LL: The delineation of these lines of business varies by region too. For example, card issuing generally forms part of the retail bank in Europe, but in North America, it is often its own division. This means we will see further diversification in real-time and open payments services, as banks create targeted services that meet customer demand and fit their own business models.
Q. Which models will be successful in moving transactions away from cards to other payment systems?
CR: Real-time and open payments services that provide a better customer experience than the current offering will be successful in creating a tangible shift in the balance of transaction volumes across the channels. Banks and other payments players will move against the demand of their customer base. Currently there’s work to be done around the specific types of consumer purchase scenarios where a real-time payment would deliver a better customer experience (CX) than a credit card. Especially when we consider that in combination with overlay services like Request for Payment. The scenarios will be impacted by the channel, the type of purchase, the average transaction value; the CX benefit analysis in an ecommerce scenario can be attributed against elements such as the immediate dispatch of goods based on real-time funds. In a bricks and mortar store, the vertical matters: in a low-value, rapid-fire transaction like a coffee purchase, contactless card payments are well suited to the use case and a Request for Payment may not enhance the CX. But it could for the purchase of an electronic item: the richer data format of real-time payments could be used in the merchant systems to link the transaction data and warranty purchased, and smooth the CX over the lifecycle of the customer relationship when they return to enact the terms and conditions.
LL: The end customer doesn’t care about the payment rails, they care about ease of use and the benefits to their lifestyle. Use cases may mimic the functionality of card payments with something the customer already has, like a smart device, and offer a benefit like increased loyalty points.
Q. How can real-time payments be leveraged by merchants to drive value for their customers?
CR: Merchants can choose to pass on some of their new-found margin to their customers. Even in the US, interchange fees are still huge, meaning lower cost payment alternatives create the potential for merchants to create huge cost savings, and share a percentage of that with customers. It’s likely they will choose to do this through loyalty and rewards rather than discounting.
LL: The only way for merchants to achieve this is by using open banking interfaces. It needs to be a standardized API to allow merchants to integrate to a single API. Merchants are focused on the user experience of their app or website, and the overall CX. It doesn’t improve their service to connect to various APIs, it just complicates the business case, especially in a low interchange environment like the European Union. For the business case to stack up, the implementation has to be at least as simple as it is for cards, and ideally more so.

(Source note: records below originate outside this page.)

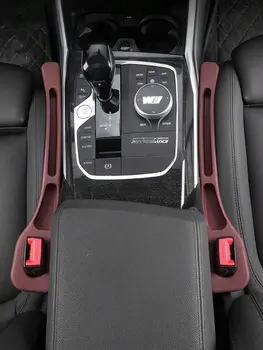 2ks výplň mezery autosedačky, provedení s dvojitým slotem, doplňky do interiéru vozu, úložný box na telefon a klíče, podložka do slotu v autě, výplně mezer sedadla 10 nejlepší prodej Výplň mezery sedadla BMW - №8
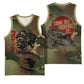 761st Tank Battalion Black Panthers Basketball Jersey Come Out Fighting Military - Camouflage Halftone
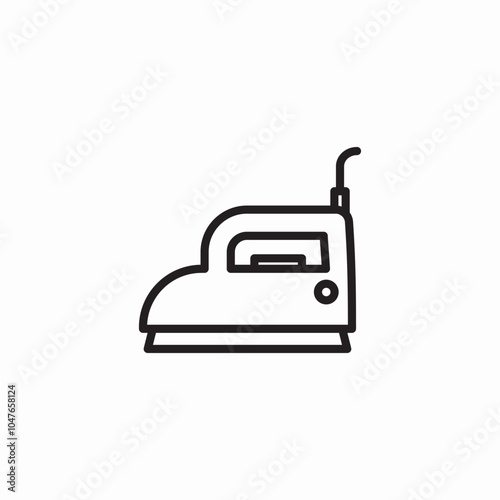 iron laundry icon sign vector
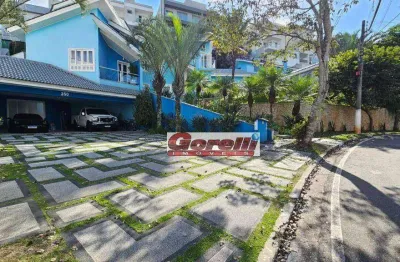 Casa com 4 dormitórios à venda, 506 m² por r$ 4.900.000,00 - condomínio arujá 5 - arujá/sp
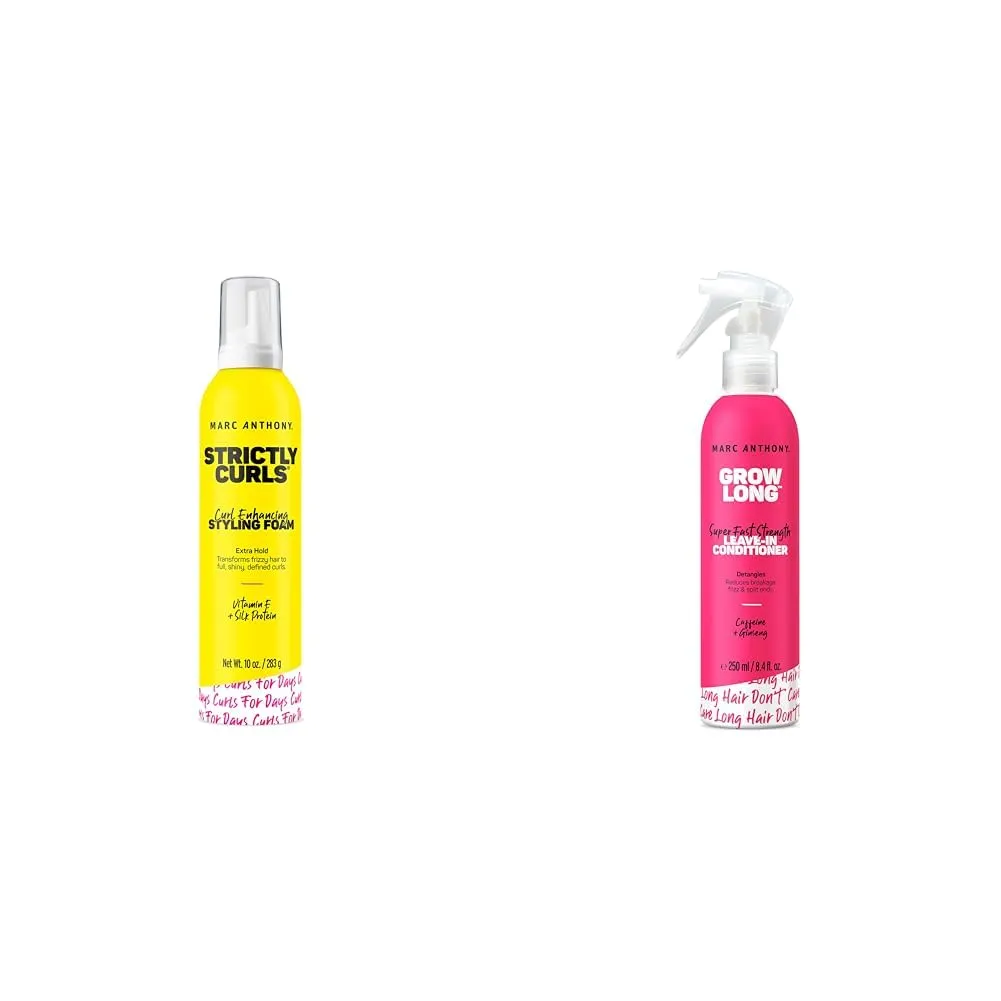 Marc Anthony Strictly Curl Enhancing Styling Foam & Leave-In Conditioner Spray & Detangler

CR: For online merchants, the business case is different; the need to accept all payment types is clear: if the preferred method is not available, customers simply search for another merchant, so merchants must offer all ways to pay. But online merchants also have more time to work with customers during the transaction, plus the customer provides more details. As consumers, we often repeat purchase with online merchants and store pre-registered details in our customer accounts. In these transactions, a real-time payment combined with the right overlay service is probably already a CX improvement compared to cards. Merchant websites could broadcast dynamic QR codes to be read by smartphones and used to provide the right details for a push payment. These would include the destination account details and information for reconciliation purposes. It would negate the need to store customer card details with merchants, and provide CX and security benefits for both parties.
Q. How can banks support their merchants to capitalize on the real-time payments opportunity?
CR: When we look across Europe, the offline merchant experience is less standardized from a consumer point of view. The payment methods accepted vary by merchant size, type and location. Banks could be the ones to add value here. Real-time payments can be integrated into innovative offers pushed through apps. It’s one method of driving consumers to spend in different ways, including in brick and mortar stores. They also lend themselves well to small and independent businesses that prioritize cashflow. Real-time payments could save high streets and mom-and-pop shops by removing cost for the merchants, accelerating merchant settlement for improved cashflow, and increasing footfall via digitally-enabled customer offers.
LL: Ultimately the payment is incidental to the merchant-consumer interaction; it becomes invisible and embedded inside entirely different processes, wrapped with other features. This is the lesson banks need to learn. People aren’t out there to shop for payments: they want coffee, books, and anything else you can order online. That order needs to be painless, seamless and transparent, including the payment, to enable your merchants to sell regardless of the consumer’s payment method preference.